For history as we know it, not just the Hegelian version once played with by Francis Fukuyama, but all of it, to come to a definitive end, the world would not have to treat itself to a nuclear war, be hit by a huge asteroid like the one that allegedly did for the dinosaurs, get poisoned by pollution or be invaded by pitiless creatures from outer space. Should humans refrain from reproducing themselves in sufficient quantities, that would be more than enough to do the trick.
A few decades ago, many took it for granted that the human race was breeding so recklessly that, unless it slowed down fast enough to defuse the “population bomb,” the future would resemble a Malthusian nightmare, with famines and massacres doing whatever it would take to restore the balance between resources and requirements. Though such distasteful thoughts are still being expressed by speakers at international conferences, they refer to yesterday’s world, not the one that exists today. Almost everywhere, people are living longer and birth rates are plunging. This is happening not only in Europe, Japan and the more waspish parts of North America, but almost everywhere else as well, including China.
The traditional replacement rate, what is needed for a population to maintain its present numbers, is 2.1 children per woman: in Japan, Germany, Russia, Italy, Greece and Spain, they find it hard to manage 1.3 infants apiece. Other developed countries may be doing marginally better, but with few exceptions — one is Israel — they too are falling short.

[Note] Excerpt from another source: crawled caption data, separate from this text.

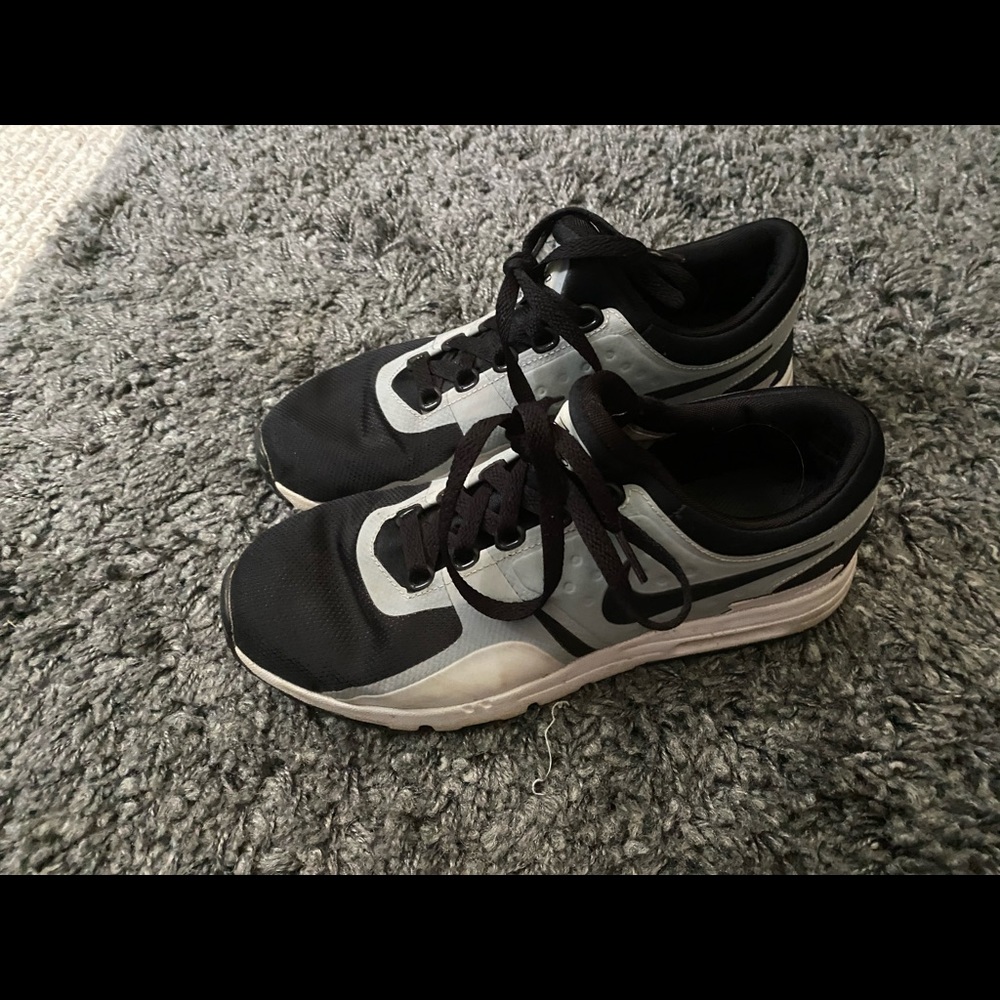 Nike tennis shoes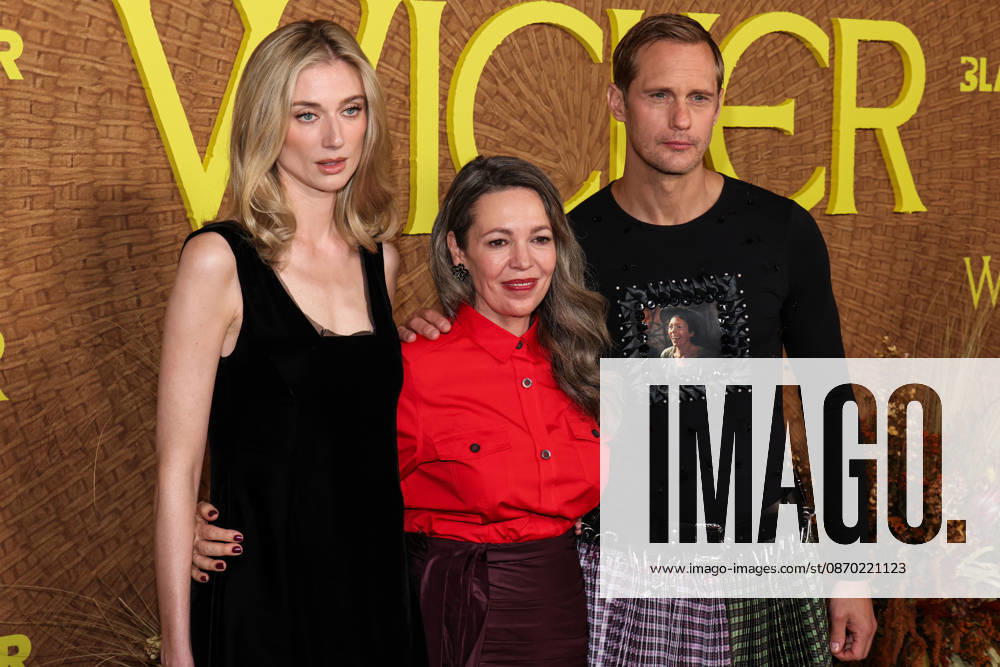 Los Angeles Premiere Of Black Bear s Wicker LOS ANGELES, CALIFORNIA, USA - OCTOBER 20: Elizabeth Debicki wearing Kallmeyer, Calzedonia tights, Manolo Blahnik shoes, and Engelbert 1920 jewelry, styled by Elizabeth Saltzman, Olivia Colman and Alexander Skarsgard wearing Chopova Lowena, styled by Harry Lambert arrive at the Los Angeles Premiere Of Black Bear s Wicker held at the DGA Theater Complex at The Directors Guild of America on October 20, 2026 in Los Angeles, California, United States. Los Angeles DGA Theater Complex at The Directors Guild of America California United States
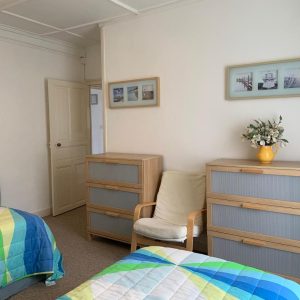 Middle - Twin bedroom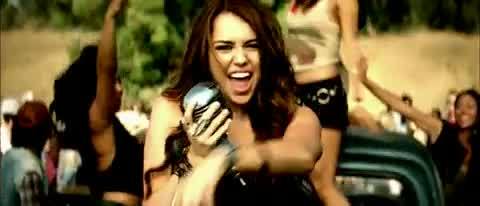 Miley-Cyrus-Party-In-The-USA 268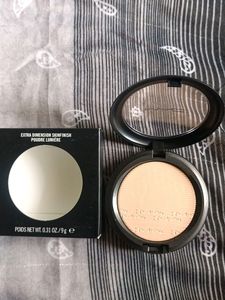 Mac Extra Dimension Skinfinish Pouder Lumiere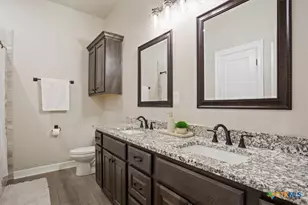 502 Oak Dr, Troy, TX 76579 - Photo 17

Until quite recently, it was generally assumed that the widening gaps being left could be filled by immigrants from famously prolific Third World countries, especially Muslim ones, but that seems increasingly unlikely, not because of the social and political problems arising from the multicultural experiment, but because they too are losing interest in mass producing offspring. In Turkey and Iran the fertility rate is currently at 1.5 per potential mother, while in most Arab countries it is dropping fast as, in this particular area at least, they “catch up” with their European counterparts.
There is rather more at stake here than the fate of national pension plans, most of which are bound to share the fate of Argentina’s because the money to meet all those generous entitlements is running out. Grim as the economic problems already are in those European countries where grandparents outnumber grandchildren by more than two to one, they are minor in comparison with what they will soon have to confront. So too, needless to say, will be the plight of people in other parts of the world that, as some demographers pithily put it, are going to grow old long before they grow rich.

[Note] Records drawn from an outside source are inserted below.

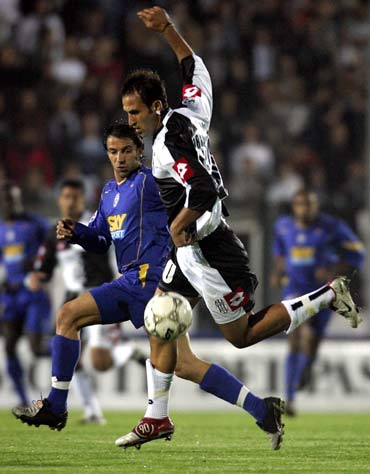 欧冠战报：阿纳别科夫门神难救主，凯拉特0-1奥林匹亚科斯（欧冠快讯：阿纳别科夫神扑难挽败局，凯拉特0-1负奥林匹亚科斯）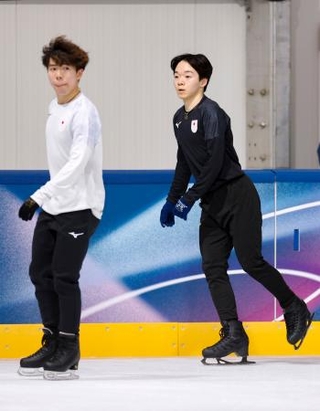 　公式練習で調整する鍵山優真（右）と佐藤駿＝ミラノ（共同）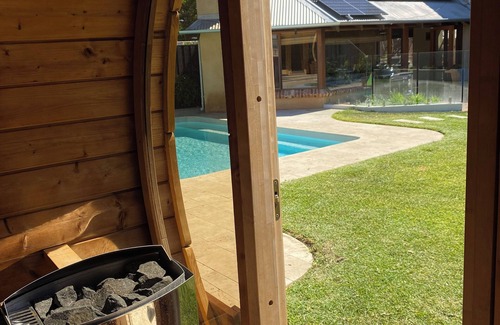 Cottesloe House | Deluxe Private Spa Retreat in Heart of Cottesloe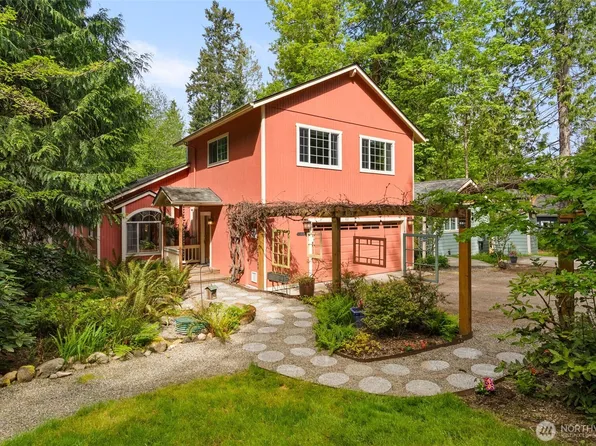 11837 Venice Loop NE, Bainbridge Island, WA 98110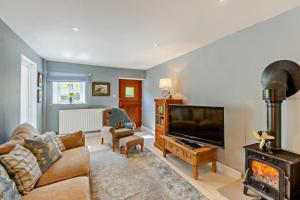 a living room with a couch and a flat screen tv at 2 Bed in Askrigg oc-b27667 in Marsett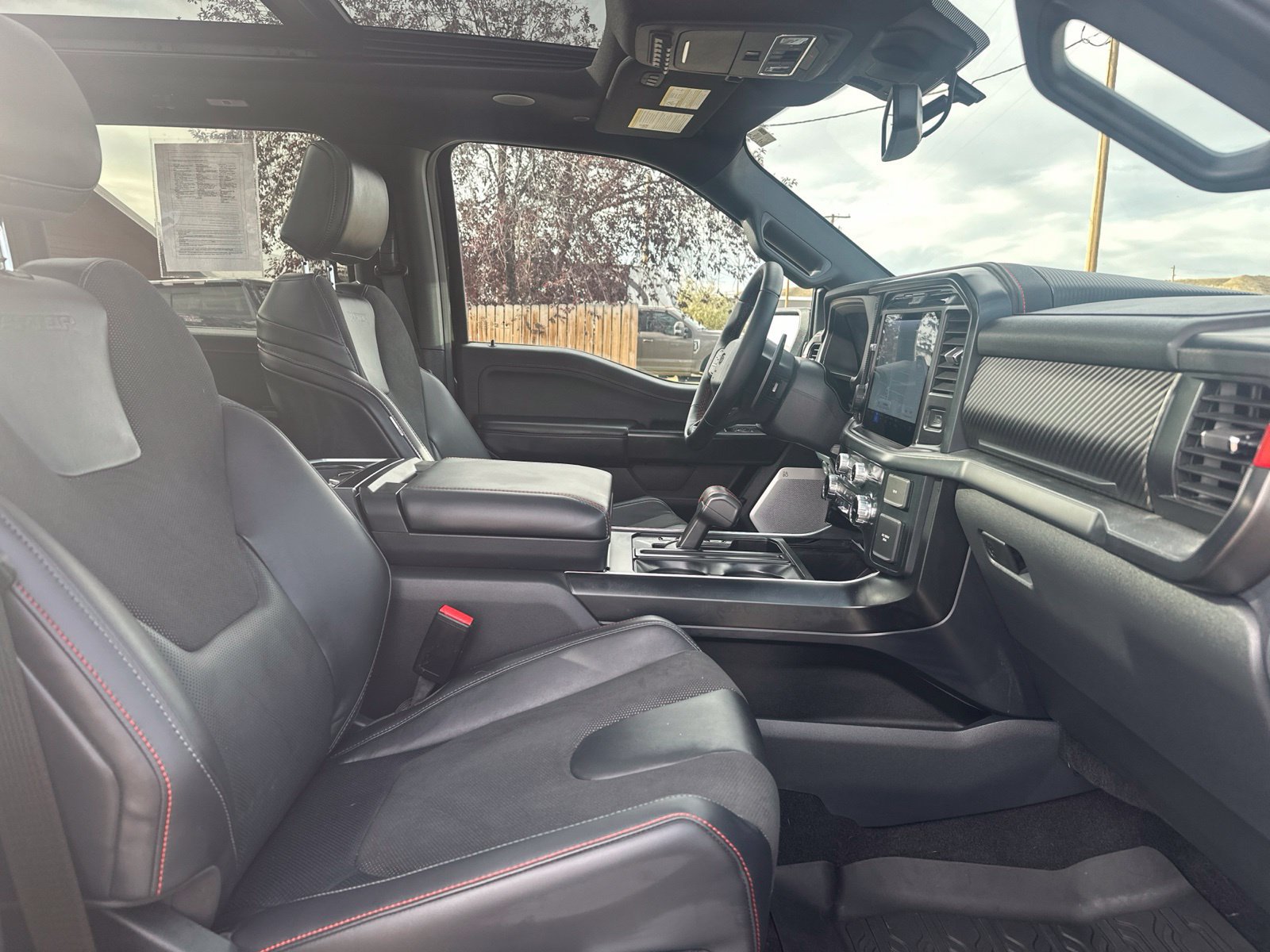 Used 2025 Ford F150 Raptor AWD/4WD image 34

Why is this happening? When birth rates started to decline in Europe and Japan, curmudgeonly oldsters attributed the phenomenon to the selfishness of the young who, they said, were more interested in acquiring material goods like electronic gadgets and sleek cars, as well as treating themselves to expensive holidays, than in going to the trouble of giving birth to children and then looking after them. In Russia, plummeting birth rates were said to be the result of despair as the old Bolshevik certainties gave way to the horrors of neoliberal capitalism. And in Iran? Perhaps young people were rebelling passively by going on strike, like Lysistrata, against the religious fanatics who run their country.
Some daring souls have suggested feminism might be to blame. There is no doubt that educating women has been a highly efficient prophylactic: that is why all birth control agencies recommend it. Letting millions of them into the workplace has also had a strong effect but, as development economists are at pains to point out, without their contribution living standards would be far lower than they currently are.

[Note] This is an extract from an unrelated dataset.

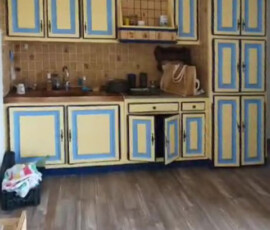 AVANT TRAVAUX Cuisine années 80 style provençal avant rénovation coordonnée et chaleureuse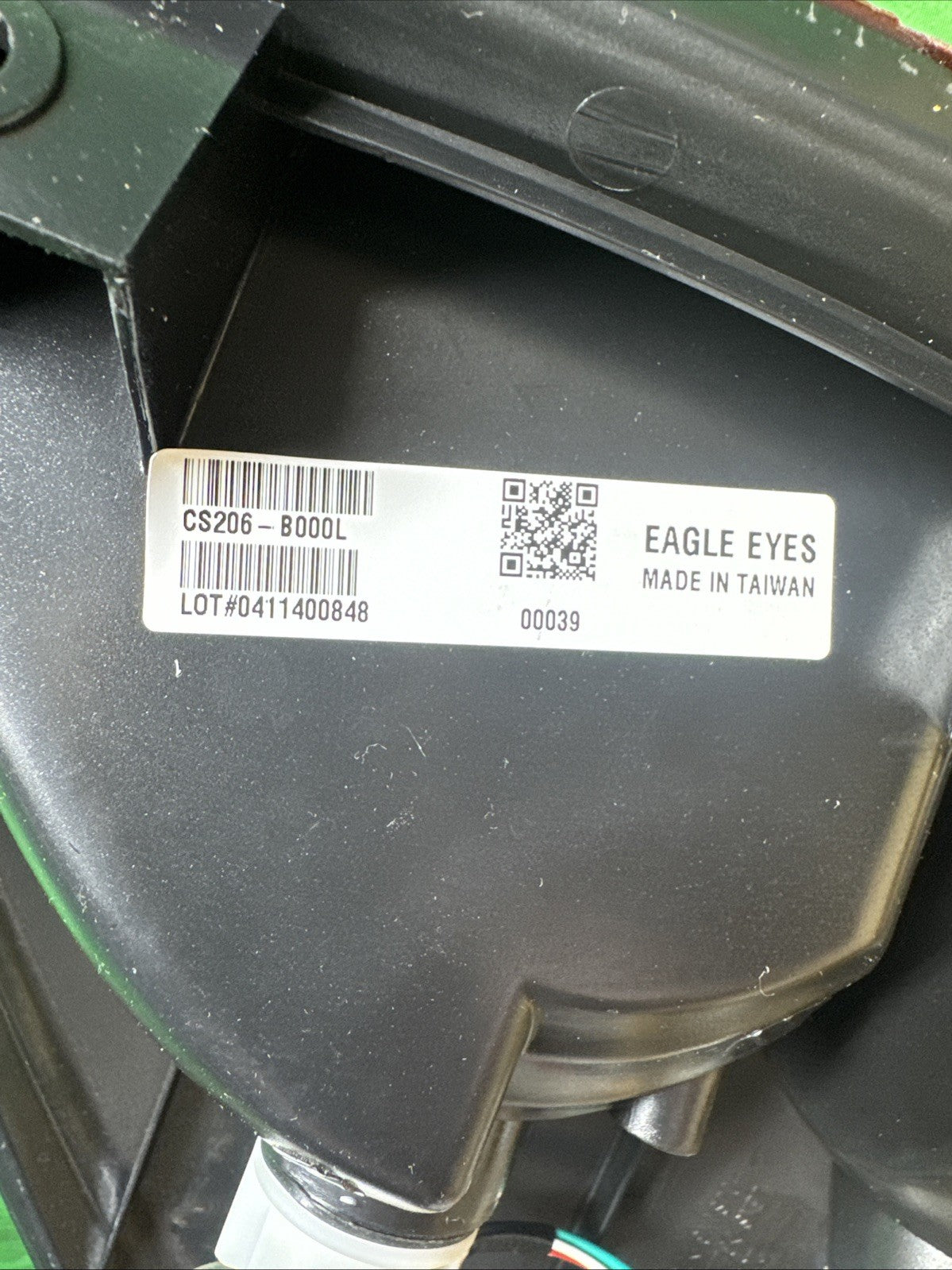 FITS 2004-2007 DODGE-CHRYSLER VANS DRIVER LEFT REAR TAIL LIGHT ASSEMBLY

In any event, it is easy to understand why as yet nobody has come up with an acceptable solution to what is surely the most pressing problem of the many facing the human race. In Singapore, the authorities, who are accustomed to being obeyed, have tried to make their city state sexier in the hope that a touch of lasciviousness in the air would be enough to induce people to do their demographic duty, but these days sex has less to do with procreation than ever before.
This being the case, those interested in seeing our species survive for a bit longer will have to choose between resigning themselves to its forthcoming extinction or press for coercive measures that force families to produce enough children to prevent the population from dwindling away until our descendants follow the dodo, the dinosaurs and countless other creatures into the dark.